[FIXED] "Reverse" map of `inverse` in torch.unique?

Issue

I want to implement a function like "reverse" map of inverse value of torch.unique.

For example, torch.unique function can return the unique values uniques of long type input x and a inverse tensor that is a mapping from uniques to x.

x = torch.LongTensor([9, 10, 9, 9, 10, 9])
uniques, inverse, counts = torch.unique(x, return_inverse=True, return_counts=True)
# uniques = [9, 10]
# inverse = [0, 1, 0, 0, 1, 0] 
# counts = [4, 2]
print((uniques[inverse] == x).all())  # True

For my question, is there some efficient way to get "reverse" inverse back_map that mapping from x to uniques?

def reverse_unique(x): ...

uniques, inverse, counts, back_map = reverse_unique(x)
# uniques = [9, 10]
# inverse = [0, 1, 0, 0, 1, 0] 
# counts = [4, 2]
# back_map = [0, 2, 3, 5, 1, 4]
print((x[back_map] == uniques.repeat_interleave(counts)).all()) # True

In above code, the back_map maps the values of inverse to the position of the input x.

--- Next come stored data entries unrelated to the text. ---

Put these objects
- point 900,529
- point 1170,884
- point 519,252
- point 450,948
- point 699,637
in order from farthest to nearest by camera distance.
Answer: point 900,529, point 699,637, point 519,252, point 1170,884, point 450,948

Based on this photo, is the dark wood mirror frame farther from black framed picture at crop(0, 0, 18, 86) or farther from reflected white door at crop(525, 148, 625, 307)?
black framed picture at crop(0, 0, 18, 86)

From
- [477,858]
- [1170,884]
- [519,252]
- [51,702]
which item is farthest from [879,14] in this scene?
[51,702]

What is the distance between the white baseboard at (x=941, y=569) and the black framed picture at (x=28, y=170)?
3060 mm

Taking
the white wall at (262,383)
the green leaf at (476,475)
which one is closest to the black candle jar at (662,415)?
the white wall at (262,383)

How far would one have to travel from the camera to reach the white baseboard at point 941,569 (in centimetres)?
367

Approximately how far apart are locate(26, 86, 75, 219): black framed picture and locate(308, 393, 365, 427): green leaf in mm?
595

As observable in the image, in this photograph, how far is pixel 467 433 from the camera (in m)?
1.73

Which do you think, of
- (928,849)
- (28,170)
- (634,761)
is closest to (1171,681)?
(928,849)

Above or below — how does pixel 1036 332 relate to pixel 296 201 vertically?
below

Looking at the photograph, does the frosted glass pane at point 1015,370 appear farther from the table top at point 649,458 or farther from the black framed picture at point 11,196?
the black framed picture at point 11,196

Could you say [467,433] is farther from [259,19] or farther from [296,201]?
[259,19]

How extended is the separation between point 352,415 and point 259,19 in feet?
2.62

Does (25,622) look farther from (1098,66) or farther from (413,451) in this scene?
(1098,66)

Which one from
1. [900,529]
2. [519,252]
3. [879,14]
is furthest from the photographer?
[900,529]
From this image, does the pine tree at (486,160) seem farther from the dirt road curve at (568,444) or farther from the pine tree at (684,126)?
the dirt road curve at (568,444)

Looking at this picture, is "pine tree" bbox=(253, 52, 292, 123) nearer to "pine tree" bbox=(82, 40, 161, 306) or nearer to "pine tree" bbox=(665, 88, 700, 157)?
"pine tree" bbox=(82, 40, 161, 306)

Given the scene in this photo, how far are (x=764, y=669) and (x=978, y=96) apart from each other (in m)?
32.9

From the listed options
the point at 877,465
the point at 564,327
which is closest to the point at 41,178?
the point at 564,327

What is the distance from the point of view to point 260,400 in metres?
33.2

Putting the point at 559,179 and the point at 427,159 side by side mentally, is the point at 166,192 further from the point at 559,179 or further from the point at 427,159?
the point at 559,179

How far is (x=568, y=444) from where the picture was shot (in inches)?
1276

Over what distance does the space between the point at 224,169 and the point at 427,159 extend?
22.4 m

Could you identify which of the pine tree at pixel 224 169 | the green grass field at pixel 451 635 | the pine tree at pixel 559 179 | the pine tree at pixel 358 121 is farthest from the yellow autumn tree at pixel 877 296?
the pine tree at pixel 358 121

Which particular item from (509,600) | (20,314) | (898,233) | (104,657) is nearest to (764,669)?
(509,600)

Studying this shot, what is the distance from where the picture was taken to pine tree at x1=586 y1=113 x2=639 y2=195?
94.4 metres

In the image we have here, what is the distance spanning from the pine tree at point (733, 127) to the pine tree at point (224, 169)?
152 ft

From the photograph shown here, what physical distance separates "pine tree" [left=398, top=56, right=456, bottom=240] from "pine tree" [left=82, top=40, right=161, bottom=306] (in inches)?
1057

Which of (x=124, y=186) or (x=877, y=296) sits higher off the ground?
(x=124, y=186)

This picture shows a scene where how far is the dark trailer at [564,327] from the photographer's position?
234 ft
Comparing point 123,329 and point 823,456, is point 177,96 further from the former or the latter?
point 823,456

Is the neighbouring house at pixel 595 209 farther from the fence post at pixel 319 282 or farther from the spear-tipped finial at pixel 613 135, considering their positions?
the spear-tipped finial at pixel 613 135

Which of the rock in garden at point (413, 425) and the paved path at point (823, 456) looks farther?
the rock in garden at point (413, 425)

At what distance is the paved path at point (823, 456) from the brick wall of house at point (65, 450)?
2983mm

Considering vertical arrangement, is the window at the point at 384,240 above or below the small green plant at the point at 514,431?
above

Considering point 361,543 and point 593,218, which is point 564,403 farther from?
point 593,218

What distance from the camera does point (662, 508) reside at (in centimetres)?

I know it not a difficult thing implements this function with python loop, but in my case where the input x size can reach e8, so the time overhead is intolerable.

So, Is there any high level implementation using pytorch api or the cuda kernel(I tried to use cuda extension to parallelize it but my cuad kernel is slow extremely :sob:)?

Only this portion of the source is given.